EXERCISE DIRECTIONS: Copy exactly, and only, the lines from the line containing "Walleye Fishing Gift" through the last line of the records below, both included, and leave out any pictures.

(EXERCISE INPUTS Opens)

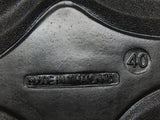 Aerothotic Walk Flat Size US 10 M EU 40 Women's Slingback Strappy Sandal Silver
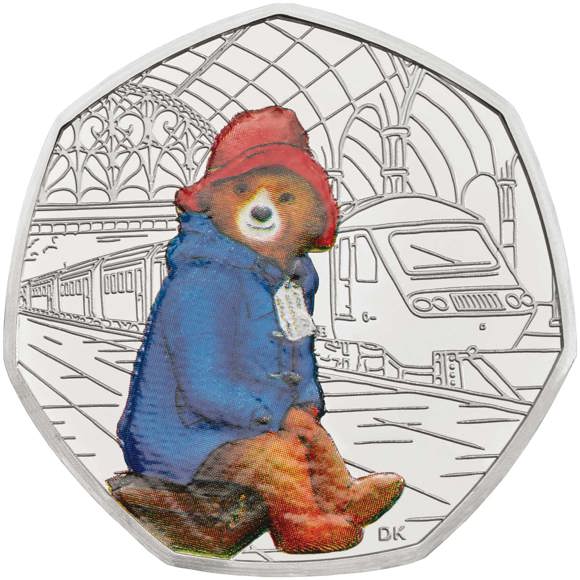 Paddington™ at the Station 2018 UK 50p Silver Proof Coin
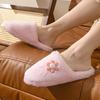 Fashion Flower Fluffy Women's Home Slippers Plush Luxury Designer Woman Shoes New Winter Casual Platform Fuzzy Fur Slides Elegant Indoor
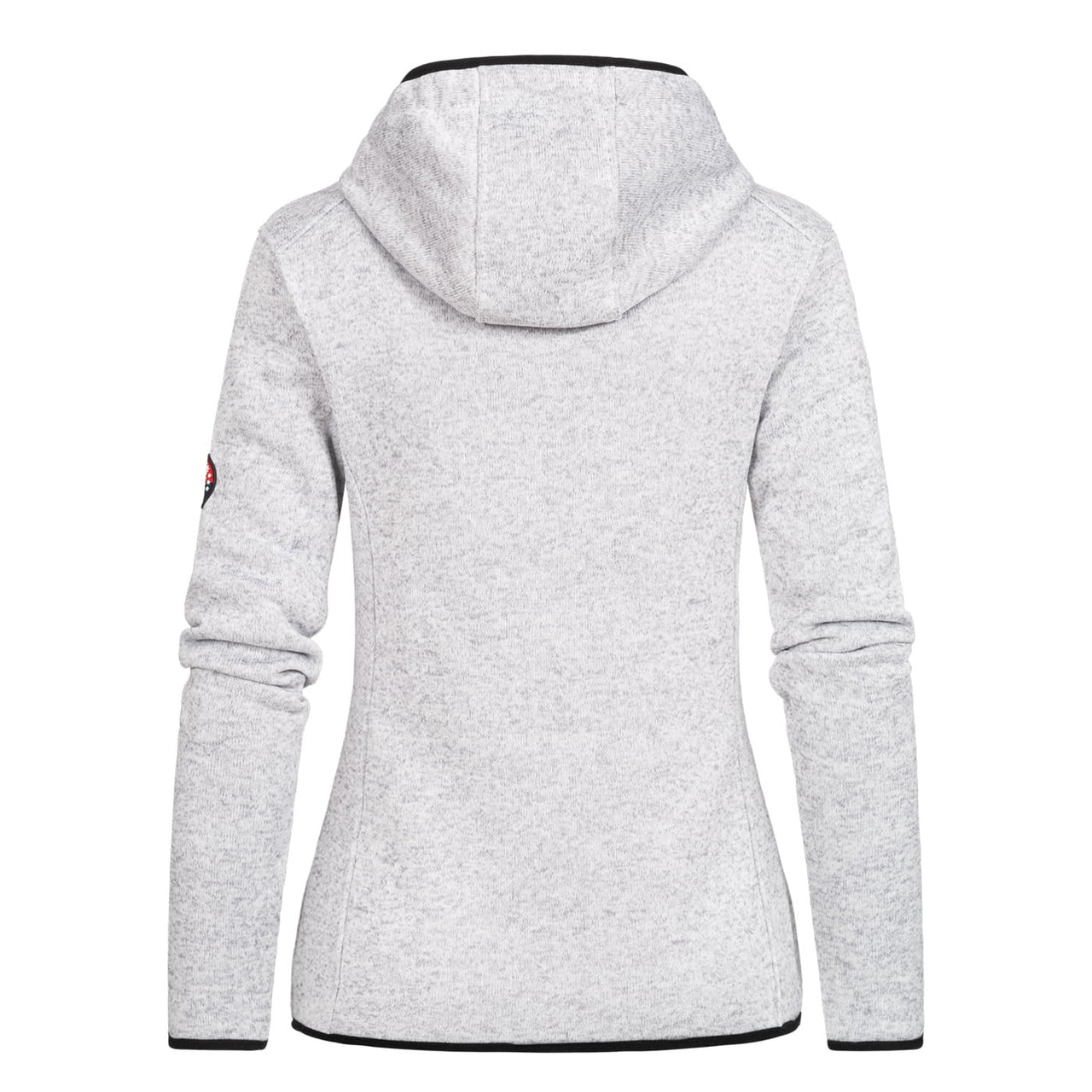 Geographical Norway Upclassica Femme - Kapuzenpullover mit Reißverschlusskragen Weiß Weiß - Geographical Norway - S Weiß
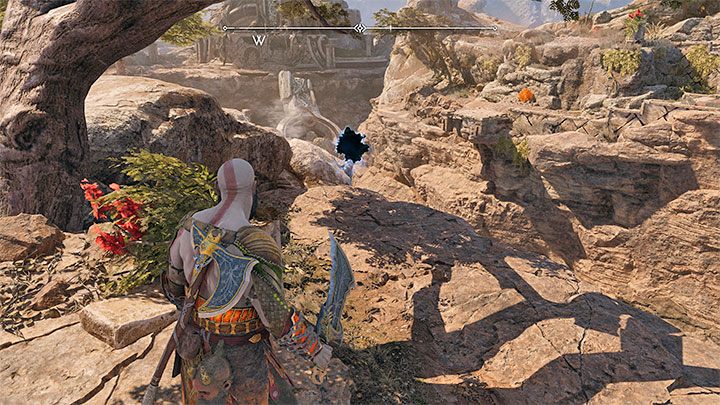 Szczelina znajduje się na północny-zachód od sklepu i mistycznej bramy i możecie dotrzeć do niej ze wschodu (do momentu odblokowania skrótu w pobliskich ruinach) - God of War Ragnarok: Równiny (The Plains), Vanaheim - sekrety, znajdźki - God of War Ragnarok - poradnik do gry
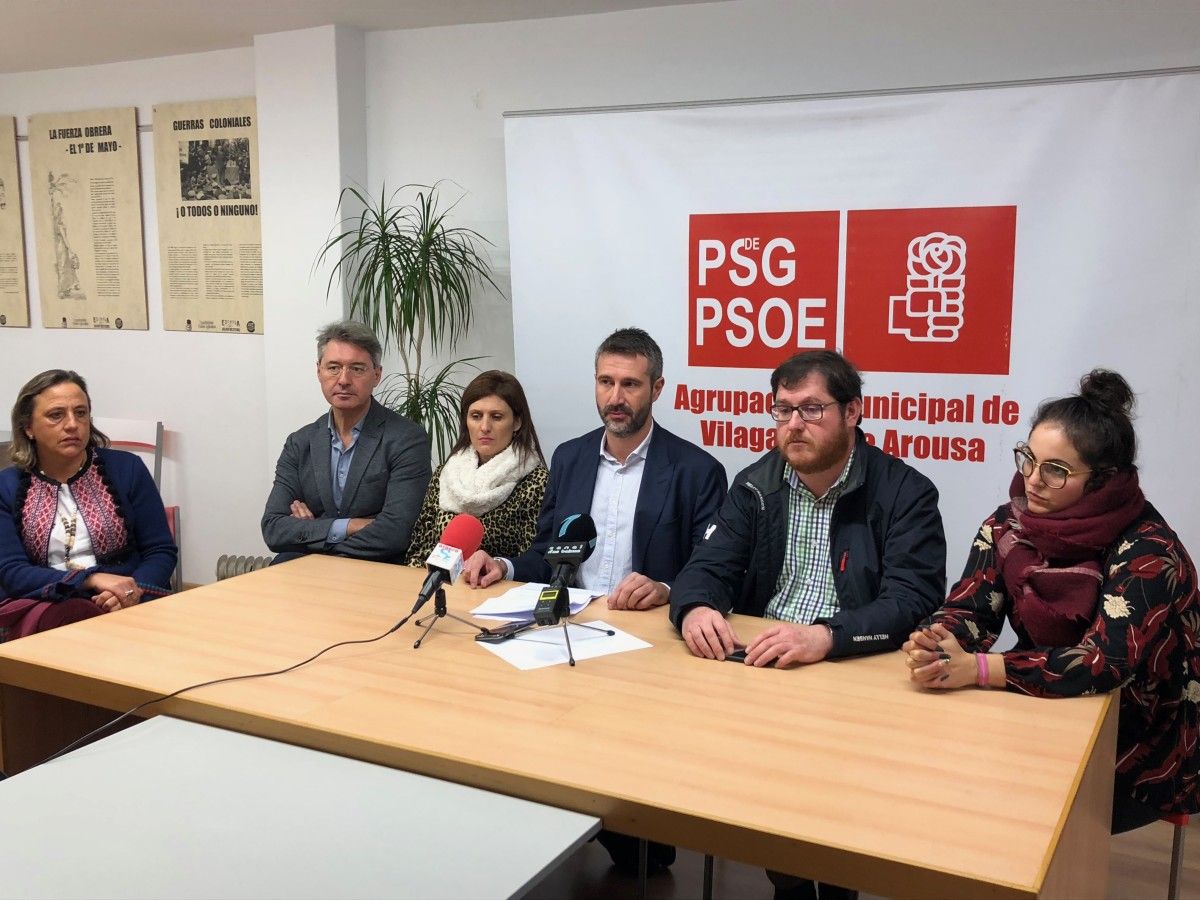 Representantes socialistas en la Mancomunidade do Salnés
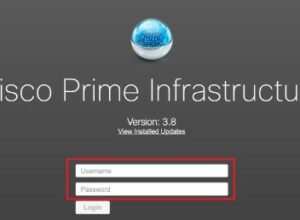 Cisco Prime Infrastructure login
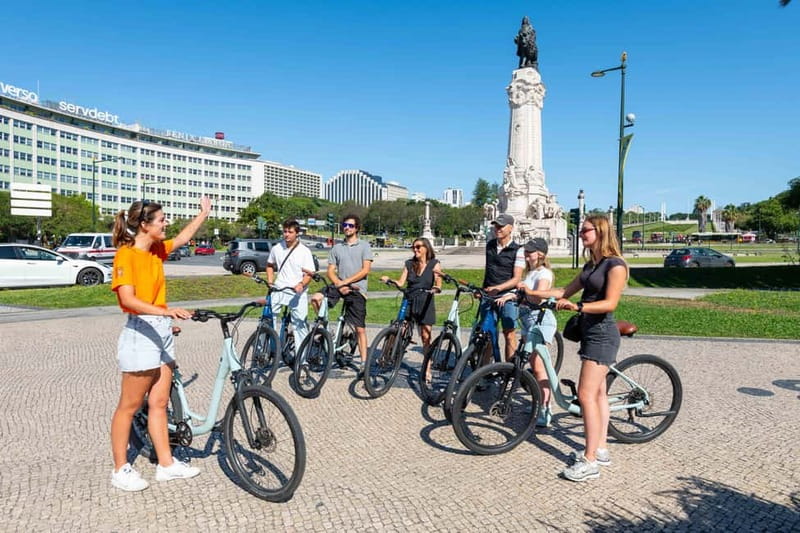 Lisbon Bike Tour: Downhill Downtown Lisbon to Belém - From MAAT to the monuments of Belém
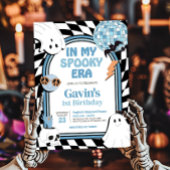 Boy Retro Ghost Halloween Verjaardag Kaart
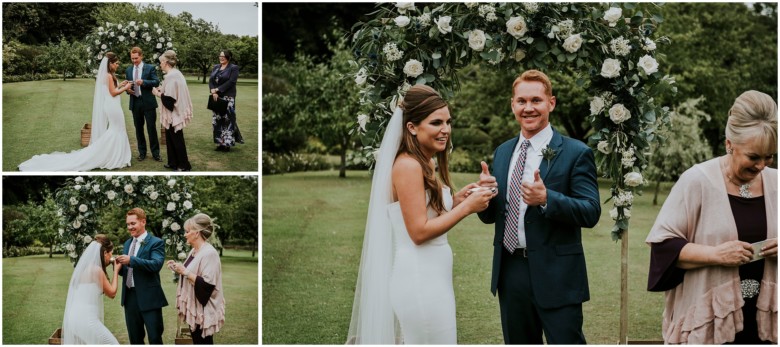 wedding ceremony at a scottish estate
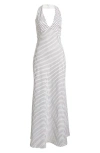 Reformation Delilah Linen Halter Maxi Dress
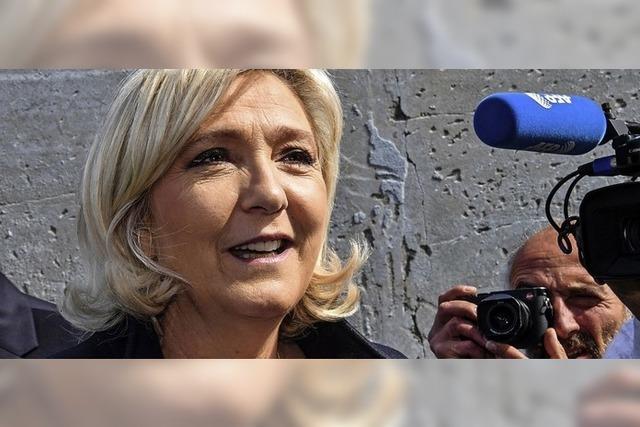Marine Le Pen liegt vorne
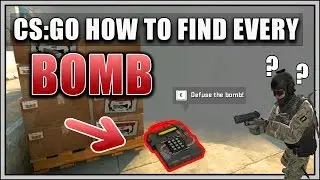 ▶[CS:GO] How to find EVERY BOMB in SMOKES on BOMBSPOT & Ninja Defuse [ENG] 💣
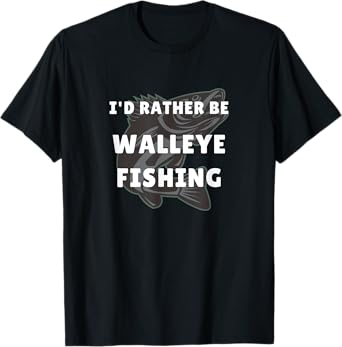 Walleye Fishing Gift Walleye Funny Fisher Men Walleye T-Shirt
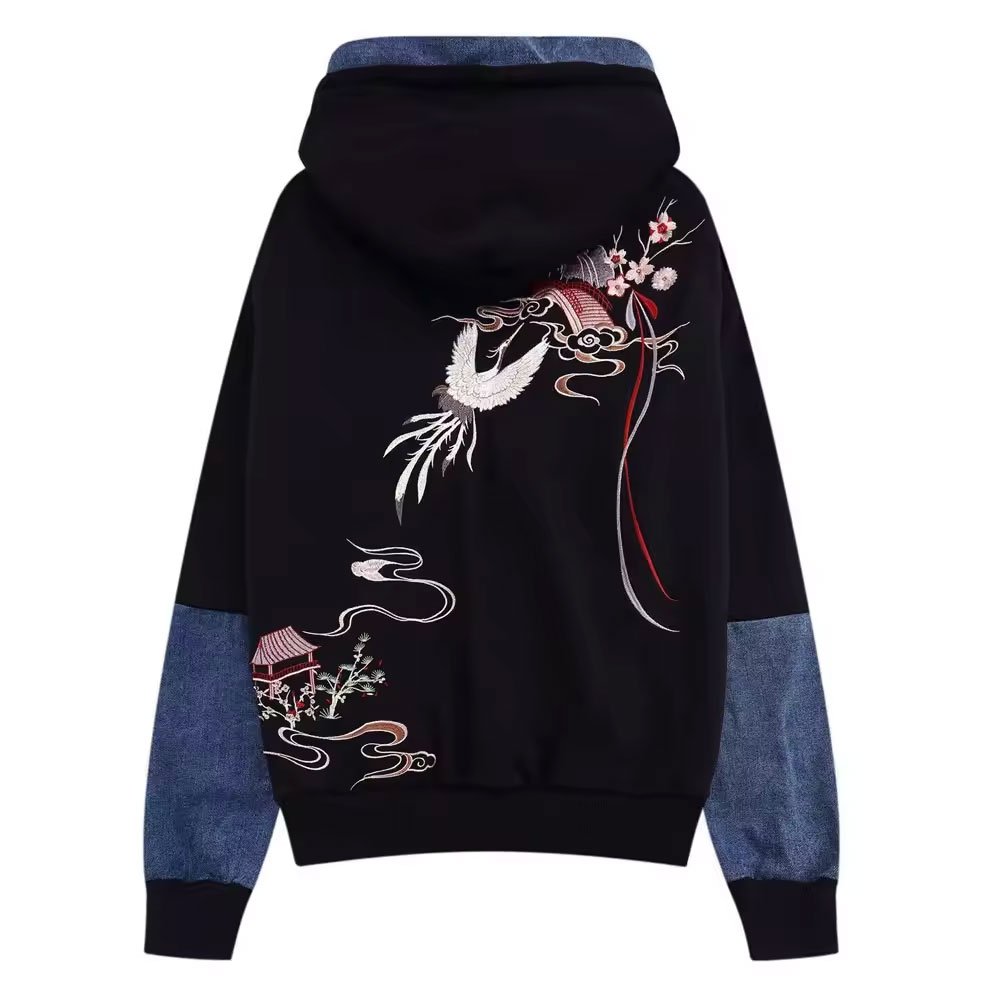 Men Hoodie Sweatshirt Spring and Autumn Men Embroidery Hoodie Sweatshirt Men's Solid Color Long Sleeve Hoodies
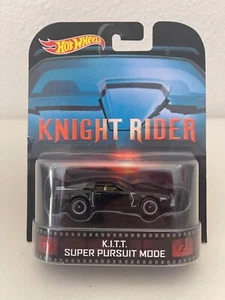 HOT WHEELS 2014 RETRO ENTERTAINMENT KNIGHT RIDER K.I.T.T. SUPER PURSUIT MODE - Picture 1 of 5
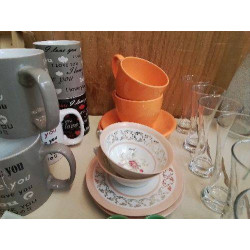 TASSE AVEC SOUCOUPE COLORÉ 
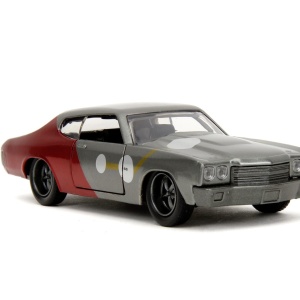 JADA MARVEL SET FIGURINA METALICA THOR SI MASINUTA CHEVY CHEVELLE SS SCARA 1 LA 32 - Img 2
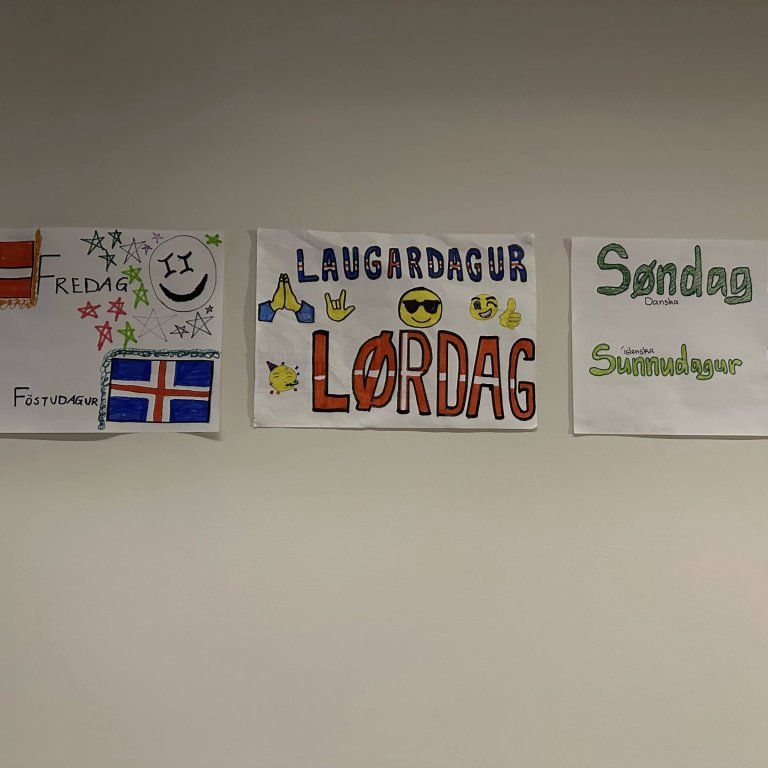 Nýtt ár-nýr námsveggur: Skemmtilegt dönskuverkefni á unglingastigi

(EXERCISE INPUTS Closes)

RESPONSE:
 Walleye Fishing Gift Walleye Funny Fisher Men Walleye T-Shirt
 Men Hoodie Sweatshirt Spring and Autumn Men Embroidery Hoodie Sweatshirt Men's Solid Color Long Sleeve Hoodies
 HOT WHEELS 2014 RETRO ENTERTAINMENT KNIGHT RIDER K.I.T.T. SUPER PURSUIT MODE - Picture 1 of 5
 TASSE AVEC SOUCOUPE COLORÉ 
 JADA MARVEL SET FIGURINA METALICA THOR SI MASINUTA CHEVY CHEVELLE SS SCARA 1 LA 32 - Img 2
 Nýtt ár-nýr námsveggur: Skemmtilegt dönskuverkefni á unglingastigi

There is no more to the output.